Blair Athol 2010 5 Years Old (Bottled by Carn Mor, 59.4% abv)
Nose: Initial entry presents a bright and slightly winey, yet malty note which is coupled with red fruits (under-ripe plums and grapes come to mind), oak and cracked black pepper. Slightly spirity, with candied ginger, a hint of vanilla and damp earth. (21/25)
Palate: Rich, spirity and sweet in equal measure, although not overly so. There is a pronounced amount of heat and bite, which would be derived from the cask strength nature of this dram and there are elements of cracked black pepper, sherry, candied ginger, nutmeg, pencil shavings and creosote.
Plasticine, damp clay and a trio of plums, dates and grapes emerge later on and intermingle with oak, vanilla and damp earthy notes. (22/25)
Finish: Relatively long and lingering on the finish, with a pronounced dry note which exhibits hints of black pepper, fading sherry, oak and candied ginger as well as a distant hint of smoke. (20/25)
Balance: A rather well balanced dram which showcases sweet, spicy, savoury and even some unusual notes which initial seem rather haphazardly thrown together and yet combine rather well to provide a cohesive and enjoyable experience. The mouthfeel is initially oily but quickly becomes rather drying. (21/25)
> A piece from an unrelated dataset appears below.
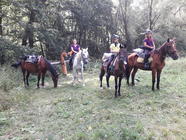 Vyjížďky na koních po okolí Brna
I found this expression rather interesting as while it contained a number of elements which one would generally associate with Blair Athol’s house style, there are other elements which are rather unusual and could either be attributed to the distillate or the end product of the maturation process in the sherry butt.
But what surprised me the most was that this expression was quite complex for one so young and it goes to show that a whisky should not be judged solely on its age statement but on its ability to provide a complete nosing and tasting experience.
This expression was savoured at The Elysian Whisky Bar in Fitzroy during my trip back to Melbourne a few months ago and I would highly recommend it to those who are looking for something interesting and enjoyable.
Until the next review, have a great week.